Data below
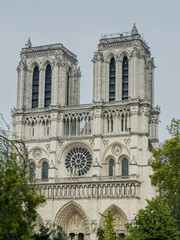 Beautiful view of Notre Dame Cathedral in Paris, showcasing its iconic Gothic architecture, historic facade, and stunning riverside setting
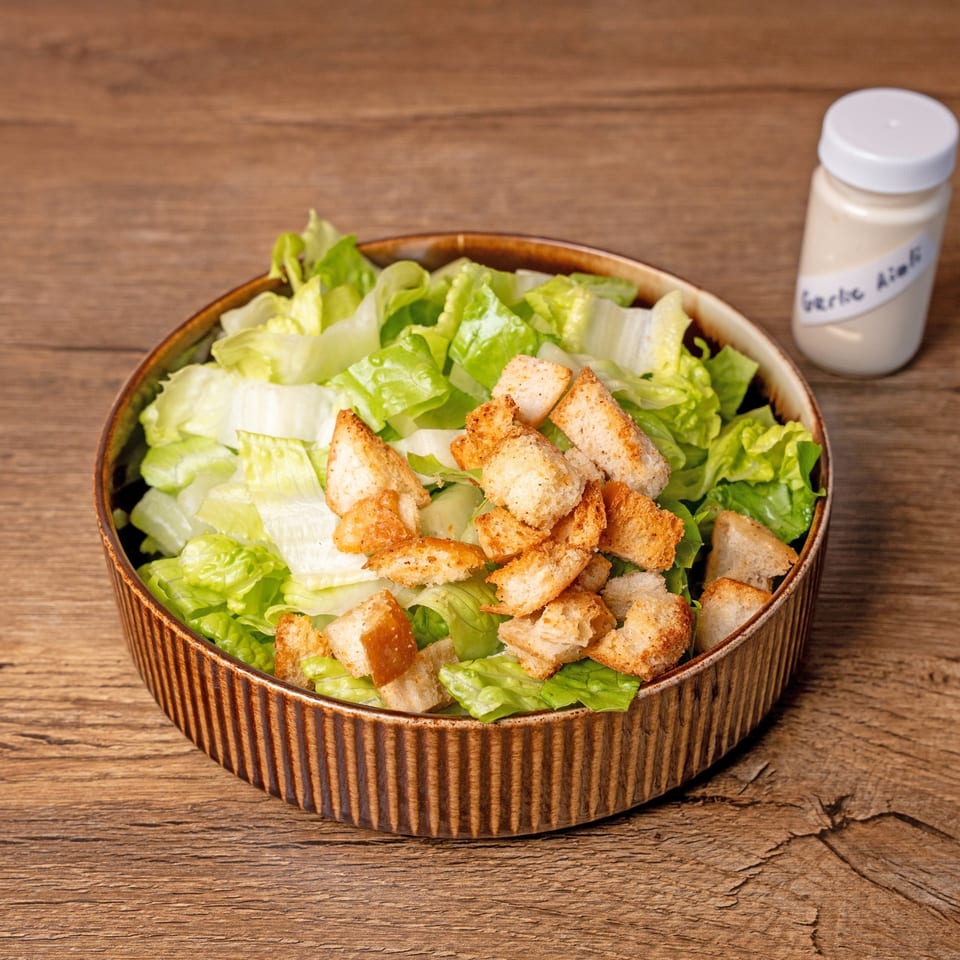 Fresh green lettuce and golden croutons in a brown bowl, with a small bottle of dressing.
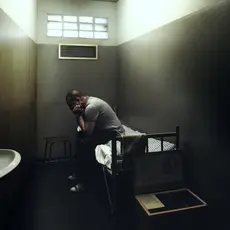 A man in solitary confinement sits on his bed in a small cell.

Try it
Give again, word for word, the lines above from the one with "Fresh green lettuce" through the final line of the data, both ends included. Do not copy any picture.

Expected answer
 Fresh green lettuce and golden croutons in a brown bowl, with a small bottle of dressing.
 A man in solitary confinement sits on his bed in a small cell.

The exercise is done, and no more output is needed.